The tip vortices (recirculation) are also reduced meaning that the outer portion of the blade, where most of the lift is generated, becomes more efficient.

Since the angle of attack has reduced, because the inflow is more horizontal and the lift vector is now more vertical, you get more lift for the same pitch angle and therefore require less power.

Less power into the rotor = reduced induced drag.

This image, from Copters.com, may help.

enter image description here

To add some clarifications.

Why does the rotor effective airspeed reduce?

Imagine a helicopter in a zero wind, ideal conditions out of ground effect hover. The rotor, to produce lift, accelerates air downwards. Since there is no wind and the helicopter is not moving, the air is drawn into the disc from around it and mainly from above it. Ignoring side effects, the air is drawn down equally all around the disc.
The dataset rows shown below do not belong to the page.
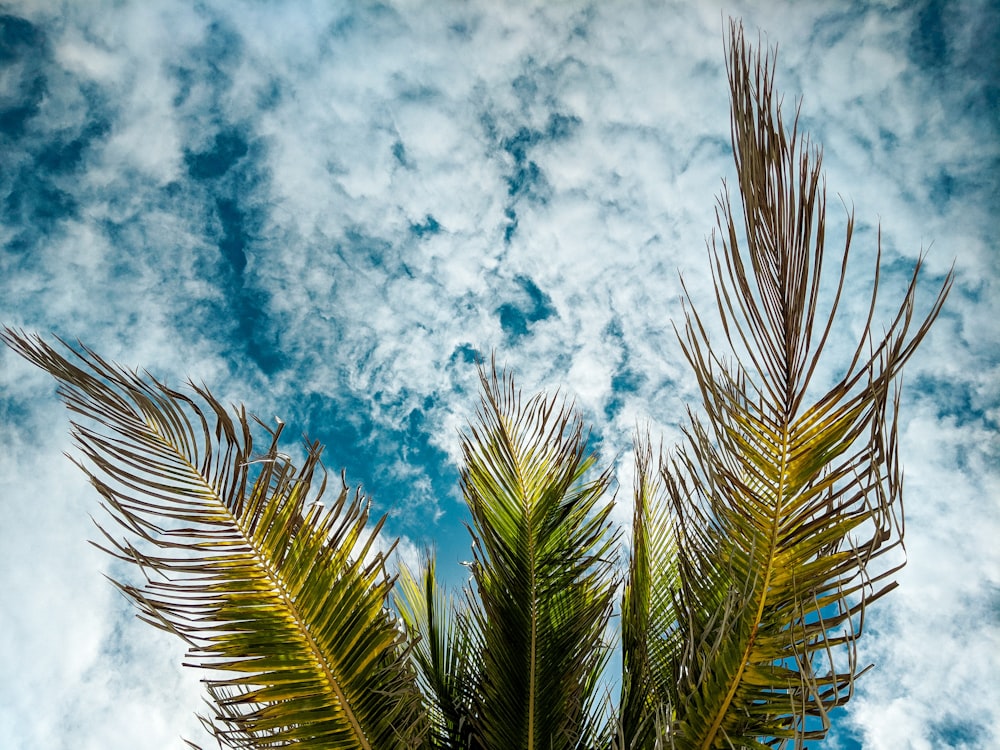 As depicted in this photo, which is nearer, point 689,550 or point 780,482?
point 780,482

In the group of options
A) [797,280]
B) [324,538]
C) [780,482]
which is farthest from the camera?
[324,538]

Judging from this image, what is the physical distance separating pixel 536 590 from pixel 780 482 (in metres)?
1.49

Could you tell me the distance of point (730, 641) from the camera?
6.57ft

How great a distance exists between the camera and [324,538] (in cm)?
215

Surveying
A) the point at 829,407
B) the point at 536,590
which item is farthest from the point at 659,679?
the point at 829,407

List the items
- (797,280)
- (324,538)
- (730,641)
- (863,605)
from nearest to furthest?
1. (797,280)
2. (863,605)
3. (730,641)
4. (324,538)

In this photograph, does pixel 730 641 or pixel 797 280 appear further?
pixel 730 641

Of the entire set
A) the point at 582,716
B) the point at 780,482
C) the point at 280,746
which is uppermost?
the point at 780,482

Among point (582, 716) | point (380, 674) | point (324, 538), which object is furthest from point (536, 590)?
point (324, 538)

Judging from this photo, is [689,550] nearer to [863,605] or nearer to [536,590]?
[863,605]

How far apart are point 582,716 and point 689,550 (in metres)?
1.29

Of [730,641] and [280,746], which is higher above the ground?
[730,641]

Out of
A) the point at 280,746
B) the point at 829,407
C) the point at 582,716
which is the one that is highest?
the point at 829,407

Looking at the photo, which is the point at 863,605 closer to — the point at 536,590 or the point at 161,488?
the point at 536,590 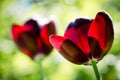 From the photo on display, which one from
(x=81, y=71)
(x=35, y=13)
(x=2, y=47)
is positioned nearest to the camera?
(x=81, y=71)

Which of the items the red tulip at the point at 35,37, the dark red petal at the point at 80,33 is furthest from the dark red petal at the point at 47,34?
the dark red petal at the point at 80,33

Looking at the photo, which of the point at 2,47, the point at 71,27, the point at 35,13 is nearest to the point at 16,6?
the point at 35,13

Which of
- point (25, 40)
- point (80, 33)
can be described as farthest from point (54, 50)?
point (80, 33)

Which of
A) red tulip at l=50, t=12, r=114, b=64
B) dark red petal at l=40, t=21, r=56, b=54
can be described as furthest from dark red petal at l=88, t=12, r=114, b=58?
dark red petal at l=40, t=21, r=56, b=54

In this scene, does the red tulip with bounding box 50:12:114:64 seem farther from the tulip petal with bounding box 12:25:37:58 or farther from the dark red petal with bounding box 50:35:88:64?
the tulip petal with bounding box 12:25:37:58

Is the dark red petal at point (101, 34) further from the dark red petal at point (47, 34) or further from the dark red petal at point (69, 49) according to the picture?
the dark red petal at point (47, 34)

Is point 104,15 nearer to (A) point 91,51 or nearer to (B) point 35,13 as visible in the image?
(A) point 91,51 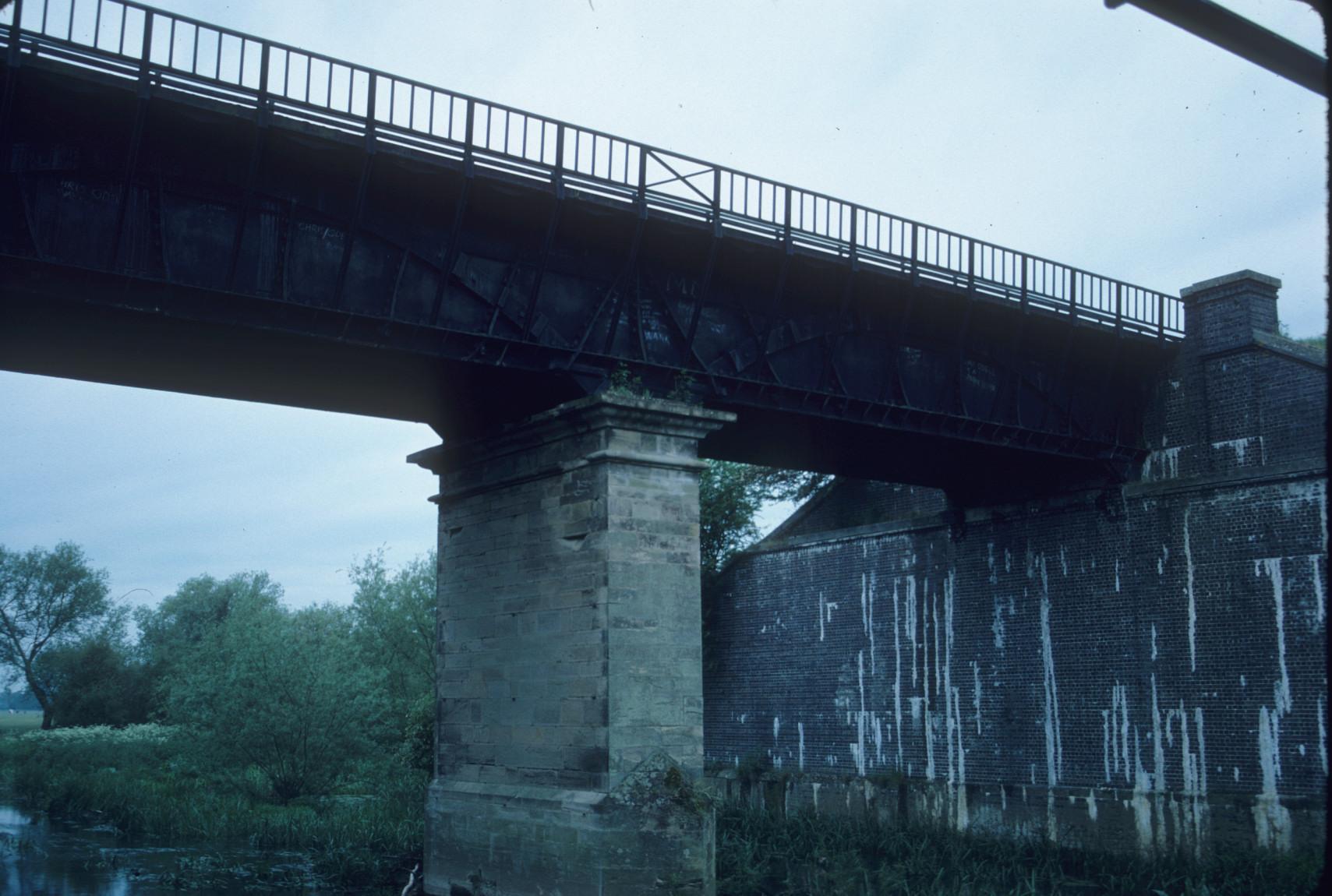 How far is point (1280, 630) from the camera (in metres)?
20.9

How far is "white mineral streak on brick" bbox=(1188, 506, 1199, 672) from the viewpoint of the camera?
73.0 feet

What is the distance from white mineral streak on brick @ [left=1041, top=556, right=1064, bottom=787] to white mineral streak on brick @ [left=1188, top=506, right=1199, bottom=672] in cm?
289

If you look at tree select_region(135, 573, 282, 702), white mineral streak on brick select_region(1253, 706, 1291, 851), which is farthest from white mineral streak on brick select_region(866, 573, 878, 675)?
tree select_region(135, 573, 282, 702)

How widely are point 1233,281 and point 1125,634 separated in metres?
7.03

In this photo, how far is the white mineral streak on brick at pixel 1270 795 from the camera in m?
20.2

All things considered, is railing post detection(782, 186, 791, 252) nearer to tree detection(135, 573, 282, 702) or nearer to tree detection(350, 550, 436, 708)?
tree detection(350, 550, 436, 708)

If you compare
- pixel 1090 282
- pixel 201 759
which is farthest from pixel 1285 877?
pixel 201 759

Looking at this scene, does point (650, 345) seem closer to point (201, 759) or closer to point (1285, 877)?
point (1285, 877)

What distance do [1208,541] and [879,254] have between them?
352 inches

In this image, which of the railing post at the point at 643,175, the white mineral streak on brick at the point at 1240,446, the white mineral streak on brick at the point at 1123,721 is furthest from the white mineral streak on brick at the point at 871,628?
the railing post at the point at 643,175

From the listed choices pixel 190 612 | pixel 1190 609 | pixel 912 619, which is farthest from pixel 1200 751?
pixel 190 612

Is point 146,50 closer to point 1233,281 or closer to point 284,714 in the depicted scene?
point 1233,281

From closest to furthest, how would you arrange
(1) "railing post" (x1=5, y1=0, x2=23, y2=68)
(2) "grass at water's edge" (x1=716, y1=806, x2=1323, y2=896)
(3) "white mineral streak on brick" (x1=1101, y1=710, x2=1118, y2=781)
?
(1) "railing post" (x1=5, y1=0, x2=23, y2=68) → (2) "grass at water's edge" (x1=716, y1=806, x2=1323, y2=896) → (3) "white mineral streak on brick" (x1=1101, y1=710, x2=1118, y2=781)

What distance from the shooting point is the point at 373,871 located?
20.5 meters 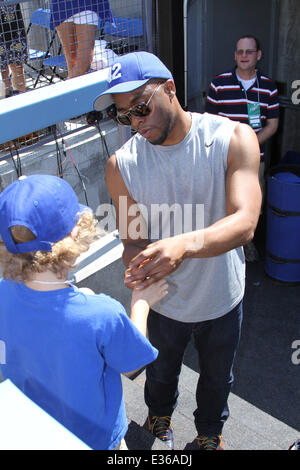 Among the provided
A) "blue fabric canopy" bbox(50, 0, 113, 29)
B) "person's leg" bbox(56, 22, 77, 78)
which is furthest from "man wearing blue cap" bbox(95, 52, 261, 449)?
"person's leg" bbox(56, 22, 77, 78)

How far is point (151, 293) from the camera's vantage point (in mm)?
1767

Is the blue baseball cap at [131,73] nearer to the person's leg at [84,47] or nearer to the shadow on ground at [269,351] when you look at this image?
the person's leg at [84,47]

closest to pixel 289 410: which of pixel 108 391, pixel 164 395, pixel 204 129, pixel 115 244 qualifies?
pixel 164 395

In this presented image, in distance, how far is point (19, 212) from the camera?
131cm

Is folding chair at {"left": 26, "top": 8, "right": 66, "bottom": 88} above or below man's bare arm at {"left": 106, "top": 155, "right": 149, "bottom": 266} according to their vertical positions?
above

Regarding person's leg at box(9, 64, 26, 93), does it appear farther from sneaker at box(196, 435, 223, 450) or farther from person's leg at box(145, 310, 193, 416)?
sneaker at box(196, 435, 223, 450)

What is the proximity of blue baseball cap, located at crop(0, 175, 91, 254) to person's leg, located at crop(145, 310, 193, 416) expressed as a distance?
91 cm

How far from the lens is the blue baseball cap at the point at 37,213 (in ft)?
4.32

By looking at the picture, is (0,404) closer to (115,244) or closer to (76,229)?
(76,229)

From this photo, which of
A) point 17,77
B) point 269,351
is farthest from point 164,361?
point 17,77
The airflow drawn into the disc has a horizontal component and a vertical component. The vertical component is large as there is little to stop the disc from pulling air down and accelerating it downwards. The speed of the rotor plus the horizontal component of the inflow co-incident with the average chord of the blade can be thought of as the "relative airflow".

Now imagine the same except hovering in ground effect. The cushion (increased pressure) below the disc reduces the inflow (imagine a fan partially blocked, the fan draws in less air) and thus the horizontal component of the inflow is reduced. Therefore, the relative wind airspeed is reduced. As you can see from the diagram solving the triangle of vectors, the angle of attack is also reduced. The collective could actually be reduced to accelerate the same amount of air. This power reduction results in a decrease in the induced drag.

Why does the same pitch angle produce more lift when hovering in ground effect?

The biggest "drain" of power when hovering, and the main reason why hovering uses more power than any other flight phase, is the vortices around the rotor tips and the outer third of the rotor where most of the lift is produced.

When hovering out of ground effect, there is nothing to stop the accelerating column of air under the disc from "escaping" and being drawn back up into the in-flowing air leading to re circulation and significant vortices. When hovering in ground effect, the air is forced to move out laterally from under the helicopter which effectively increases the radius of the vortices. There is a significant reduction in the turbulence around the tips and the outer third with a corresponding large increase in efficiency. Therefore, more lift is generated in ground effect than out of ground effect for the same angle of attack.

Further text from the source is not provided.